Output, word for word, the lines of this listing that fall between the line with "Palliser Armina Power" and the line with "Vente-Unique Canapé dangle", counting both of those lines, and no others.

[Data records]:
>>

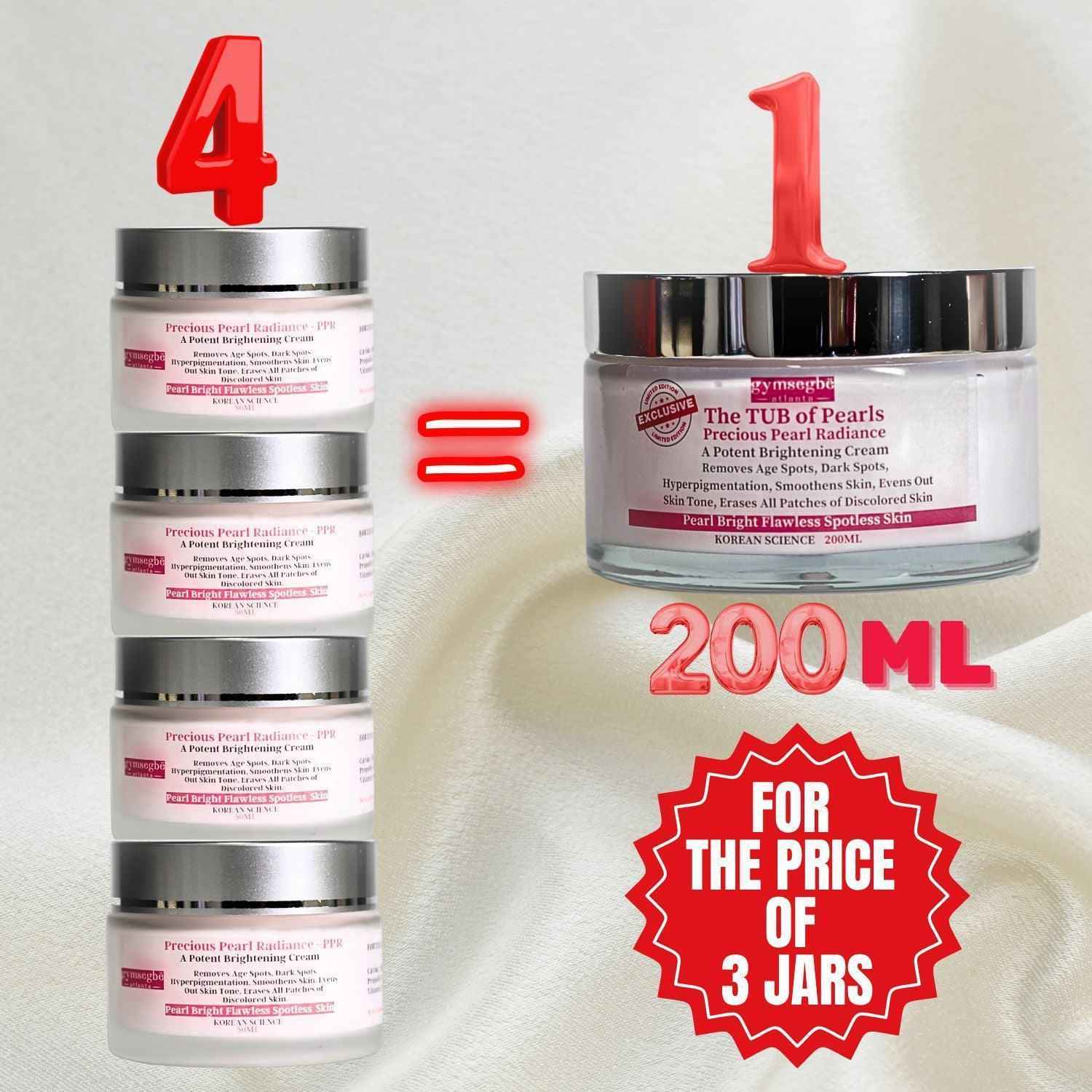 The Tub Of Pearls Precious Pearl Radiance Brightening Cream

<<
>>

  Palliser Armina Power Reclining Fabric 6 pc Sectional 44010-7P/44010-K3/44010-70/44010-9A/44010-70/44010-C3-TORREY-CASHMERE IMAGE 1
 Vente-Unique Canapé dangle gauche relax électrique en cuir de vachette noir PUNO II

<<

[Written answer]:
  Palliser Armina Power Reclining Fabric 6 pc Sectional 44010-7P/44010-K3/44010-70/44010-9A/44010-70/44010-C3-TORREY-CASHMERE IMAGE 1
 Vente-Unique Canapé dangle gauche relax électrique en cuir de vachette noir PUNO II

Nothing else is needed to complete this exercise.